The court instructed for the defendants, upon this state of the testimony, that ‘ ‘ if the jury believed from the evidence that the plaintiff, upon a settlement with Louis Loos, took the notes offered in evidence as payment in full for the account described in the petition, and executed the receipt read in evidence with the intention of closing the accounts and relying on the notes as security, then they should find for the defendants.”

*152The plaintiff objected to the instruction; and the only question in the case demanding notice arises upon the action of the court in giving it. The objection to the instruction is that there was no evidence upon which to found it. The point is well taken. The mere acceptance of the notes and the giving of the receipt did not constitute such evidence of payment as warranted the court in sending the case to the jury. In other words, the acceptance of the notes and the giving of the receipt did not make even a prima facie case of payment.

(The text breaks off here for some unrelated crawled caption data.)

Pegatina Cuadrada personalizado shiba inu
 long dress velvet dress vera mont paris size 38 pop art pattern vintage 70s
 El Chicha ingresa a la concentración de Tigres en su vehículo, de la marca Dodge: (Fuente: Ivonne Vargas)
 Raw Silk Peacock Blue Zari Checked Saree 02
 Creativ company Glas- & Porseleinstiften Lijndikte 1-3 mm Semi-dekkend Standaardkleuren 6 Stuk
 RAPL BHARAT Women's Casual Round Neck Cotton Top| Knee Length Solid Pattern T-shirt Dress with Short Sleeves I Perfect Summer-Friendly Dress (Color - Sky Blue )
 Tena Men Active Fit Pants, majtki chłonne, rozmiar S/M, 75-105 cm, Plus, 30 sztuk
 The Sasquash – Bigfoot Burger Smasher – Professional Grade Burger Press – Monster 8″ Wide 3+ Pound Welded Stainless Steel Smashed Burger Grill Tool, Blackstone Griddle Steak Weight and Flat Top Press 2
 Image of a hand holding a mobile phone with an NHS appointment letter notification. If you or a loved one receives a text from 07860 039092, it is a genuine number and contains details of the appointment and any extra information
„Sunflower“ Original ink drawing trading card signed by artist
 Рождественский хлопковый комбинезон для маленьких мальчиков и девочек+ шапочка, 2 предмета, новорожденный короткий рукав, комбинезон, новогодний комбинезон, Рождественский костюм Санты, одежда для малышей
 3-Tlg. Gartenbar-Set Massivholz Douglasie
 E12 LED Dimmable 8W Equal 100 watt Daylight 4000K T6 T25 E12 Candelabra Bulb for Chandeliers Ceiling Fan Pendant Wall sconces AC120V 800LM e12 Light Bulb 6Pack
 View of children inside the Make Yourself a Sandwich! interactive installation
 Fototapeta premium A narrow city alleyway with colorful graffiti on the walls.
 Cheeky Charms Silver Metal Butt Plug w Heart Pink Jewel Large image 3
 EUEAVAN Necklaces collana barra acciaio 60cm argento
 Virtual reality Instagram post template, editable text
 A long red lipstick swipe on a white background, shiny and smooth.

The case at bar can not be distinguished in principle from that of McMurray v. Taylor, 30 Mo. 263, where it was held that the acceptance of the debtor’s note for the amount due on an open account, and receipting for it, as taken in settlement of the account, did not constitute such evidence of payment as warranted the submission of the cause to the jury. In Frisbie v. Larned, 21 Wend. 452, Cowen, J., in discussing this subject, said: “The case is different from that where a party gives his own note for his own debt, which is accepted as in full. There, on default of payment, the creditor has his election to go back to the original cause of action on surrendering the note to be canceled. The note, in such cases, is not even prima facie satisfaction; but it is otherwise of a note against a third person transferred by the debtor, or a note procured from a third person as surety and accepted as satisfaction.” This undoubtedly is a correct statement of the current doctrines governing transactions of the character mentioned, and harmonizes with the decision in McMurray v. Taylor. (See also 2 Pars, on Cont. 624; Sto. on Prom. Notes, § 104, 5th ed.; Peters v. Beverly, 10 Pet. 567.)

The judgment must be reversed and the cause remanded.

Judge Bliss concurs. Judge Wagner absent.